Avanish Bharati’s Interview

Starting date: 01.08.2023

Nationality : Indian

Implementing Partner : Jülich Center for Neutron Science

Few words about you and your research project

I am a GNeuS postdoc fellow from call n.2 working at the Jülich Center for Neuton Science 1 (JCNS-1) in Forschungszentrum Jülich (FZJ). I have a Chemical Engineering background with a focus on bridging the understanding between molecular interaction and device performance in soft matter materials.

My GNeuS project with Prof. Dr. Stephan Förster is to gain fundamental insights into developing improved solid-state block copolymer electrolytes (SPE) for next-generation lithium-ion batteries. The approach of flattening the charge transport energy landscape with optimal concerted long-ranged charge transfer will enable the design principles for ‘atom-to-cell fabrication’ optimization of super-ionic electrolytes. The project’s findings will be our endeavour toward building sustainable energy for future generations.

The secondment at company Morphys with CEO, Dr. Joachim Loos, will help steer our findings to applications for potential collaboration with companies leading the worldwide market of SPEs.

What is your background? How have you heard about GNeuS?

The research outcomes from my Masters’ completed with First Class and Distinction at the Indian Institute of Science, Bangalore, India, and Ph.D. with Summa cum laude and Congratulations from Jury at KU Leuven in Belgium paved my career in soft matter. My Ph.D. thesis combined rheology, dielectric spectroscopy and rheo-dielectrics to gain insights into multiscale structure-dynamics-properties relationships in compatibilized polymeric materials to improve their electrical and electrochemical properties.

I pursued a postdoc research at the NIST Center for Neutron Research (NCNR) in Maryland, USA, for two years, where I investigated chain end effects on single-chain polymer conformation and developed crystallization-driven self-assembled anisotropic structures in solution. Broadly, I established a correlation between molecular interactions and hierarchical structure using neutron scattering, modelling, and coarse-grained simulation of liquid theories.

Subsequently, I worked briefly on an EU-funded project at the University of Chemistry and Technology, Prague, Czech Republic, as a bridge before GNeuS. The findings helped develop improved crosslinked porous polymer aggregates for effective biocatalyst immobilization.
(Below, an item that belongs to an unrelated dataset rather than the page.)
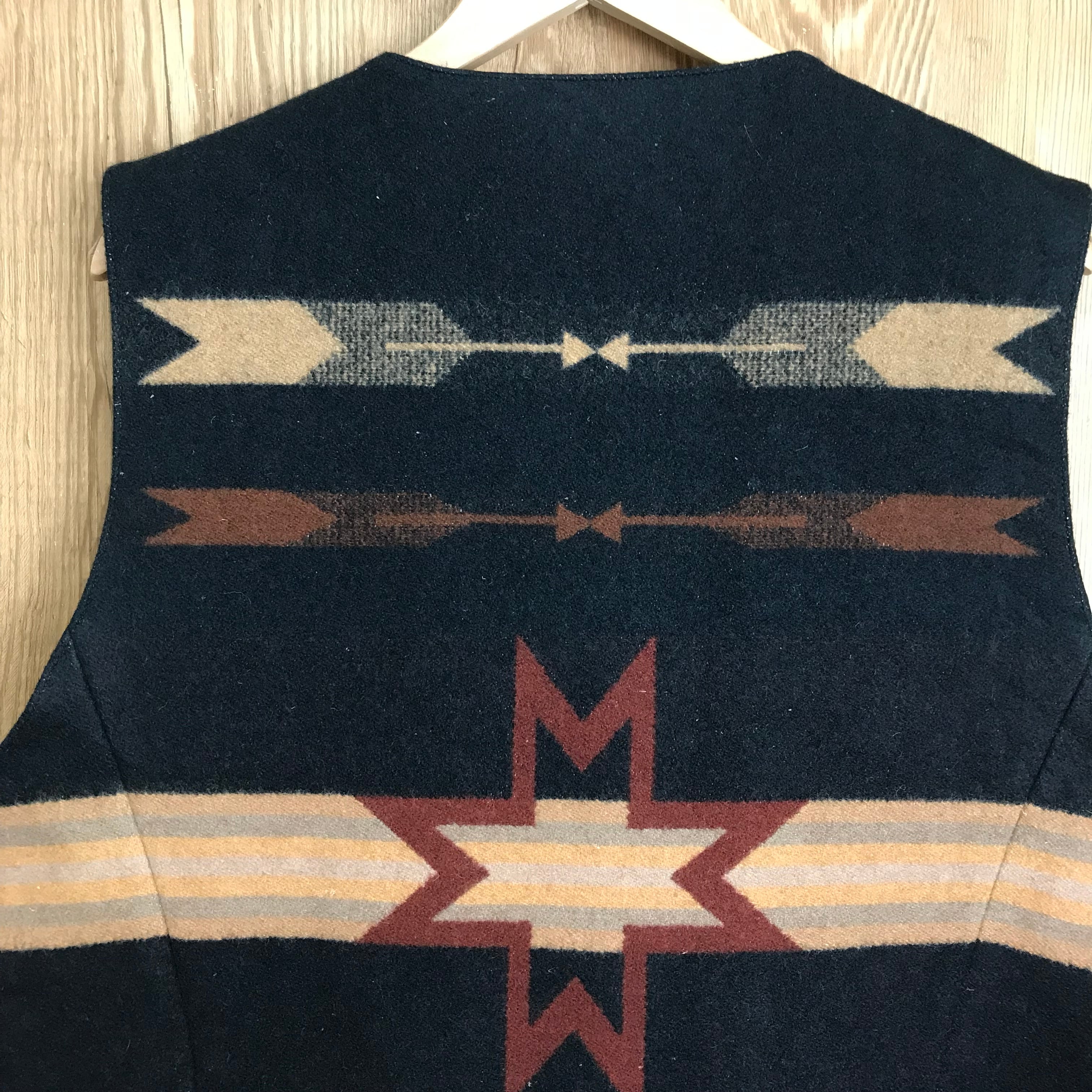 USA製 PENDLETON ペンドルトン ブラックベース ネイティブ柄 ウール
You can find a complete list of my work here!

I heard about the GNeuS project from a flyer my colleague at NCNR shared.

Why did you apply specifically on GNeuS?

The GNeuS program provides me with an excellent opportunity to work with cutting-edge neutron-based techniques for battery applications at JCNS and its outstations abroad.

The interdisciplinary and intersectoral activities of the GNeuS program give me the necessary facilities, resources, and infrastructure to forge impactful collaborations with scientists with diverse expertise for exploring new research lines, thereby expanding my scientific portfolio.
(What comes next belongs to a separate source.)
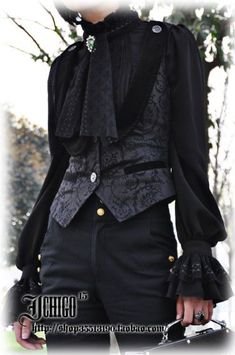 Ouji Fashion, Gothic Vintage, Vintage Punk, Black Clothing, Steampunk Fashion, 가을 패션, Dark Fashion, Fantasy Fashion, Gothic Lolita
The secondment and various trainings to be undertaken during the GNeuS program augurs well to acquire and diversify my skills in academic and industrial settings, in a big step towards my professional and personal development.

What impacts do you expect from the GNeuS fellowship?
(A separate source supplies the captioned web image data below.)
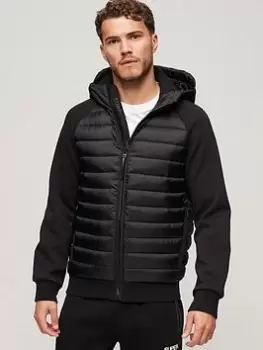 Image of Superdry Hooded Storm Hybrid Padded Jacket - Black Size 3XL, Men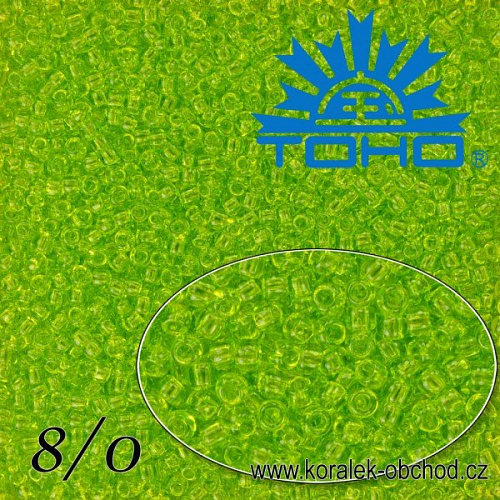 Korálky TOHO tvar ROUND (kulaté). Velikost 8/0. Barva č.4-Transparent Lime Green. Balení 10g.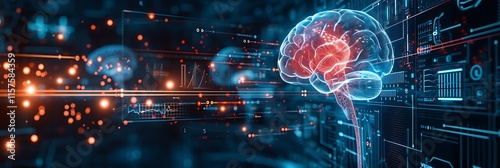 A 3D rendering of a human brain overlaid with a futuristic digital interface, symbolizing the intersection of neuroscience and technology. photo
Within GNeuS, I expect improving the portfolio and sustainability of neutron technologies by developing a fast neutron inelastic scattering analytical technique that will allow tackle the existing challenges and address the industrial needs, such as fast characterization of bulk magnet samples in view of their recycling. Such tasks represent a strategic importance because rare-earth magnets are a critical component of modern technologies (e.g. energy systems, electric and hybrid vehicles, consumer electronics etc.).

The planned activities include participation to conferences in the domain of radioanalytical techniques and accelerator applications, dissemination of the achieved results in peer-reviewed publications, fostering of the Interdisciplinarity and Intersectorality of the research, as well as collaboration with industrial partners. The proposing fast-neutron based technology can be extended to other potential domains, such as homeland security (detection of illicit/dangerous objects in freight cargo) for which fast-neutron based non-destructive analysis techniques represent a promising solution to interrogate voluminous objects and extract an array of qualitative and quantitative information. This pushes forward the neutron-based technology, its applications in various markets and fosters sustainability in neutron science.